Schoefer v. Farmers Automobile Inter-Insurance Exchange
Before: Pullen
PULLEN, P. J.
This appeal arose out of an accident wherein an automobile owned by Wayne Smythe, and being driven with his permission by Eugene P. Hughes, struck and injured Ralph H. Field.
Field commenced an action against both Smythe and Hughes, and recovered judgment against each defendant. Thereafter the judgment against Smythe was vacated upon the ground that he was a minor and no guardian
ad litem
had been appointed for him. Execution was issued against
[291]
Hughes, and the judgment was paid by a third party, and repayment to such third party guaranteed by security pledged by Hughes. Fields thereupon assigned the judgment against Hughes to Schoefer, plaintiff and appellant herein, acting for the third party above referred to, who brought the present action against Farmers Automobile Inter-Insurance Exchange, respondent herein, the insurance carrier for Smythe.
This action was brought by appellant on the theory that the insurance carried by Smythe covered the liability of Hughes to Field and also contended that the Insurance Exchange, having taken control of the defense of Hughes in the action brought by Field against Smythe and Hughes is now estopped to deny that the policy covered and enured to the benefit of Hughes.
The liability of respondent is fixed and defined by the terms of an indemnity contract entered into between Smythe and respondent herein, wherein the Exchange insures Smythe against legal liability imposed upon him resulting solely and directly from an accident by reason of the ownership, maintenance or use of the automobile described in the policy, for bodily injury suffered by any person. The policy contains a provision that the Exchange shall not be liable for loss or damage caused while the automobile is being operated by any person other than the insured, or a member of his immediate family, or paid driver, unless said person is operating said automobile with the consent of the insured, except that this extension shall not be applicable to any public garage, repair shop, sales agency or service station.

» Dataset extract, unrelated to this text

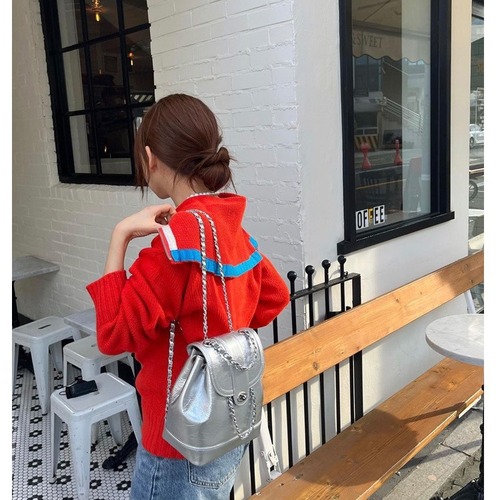 Korean niche new mini small fragrance chain backpack female ins blogger student oil wax leather shoulder bag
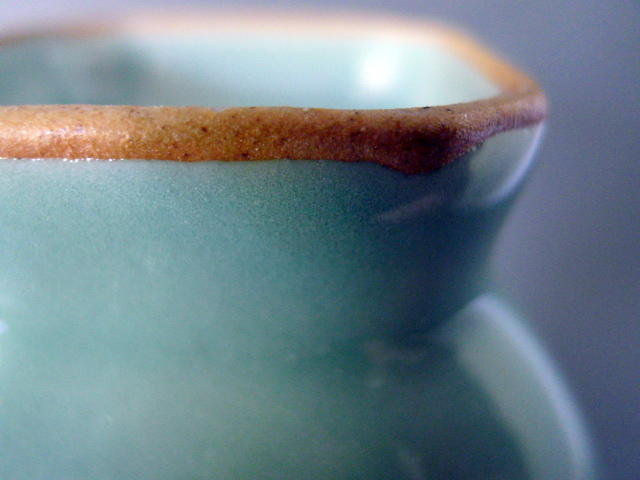 A Qianlong Period Celadon glazed  octagonal vase, Hu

Appellant contends that when the automobile was being operated by one otherwise qualified, with the consent of the insured, the Exchange was liable. Appellant devotes considerable space to a discussion of the meaning of this provision of the policy but we do not believe it necessary to go into that phase of the matter in view of the fact that until a judgment is shown to exist against Smythe, the owner of the ear, the Exchange cannot be held liable. It is clear from the policy that it insures only against legal liability imposed upon the owner Smythe, and unless there is some legal liability against the owner there is no liability under the policy.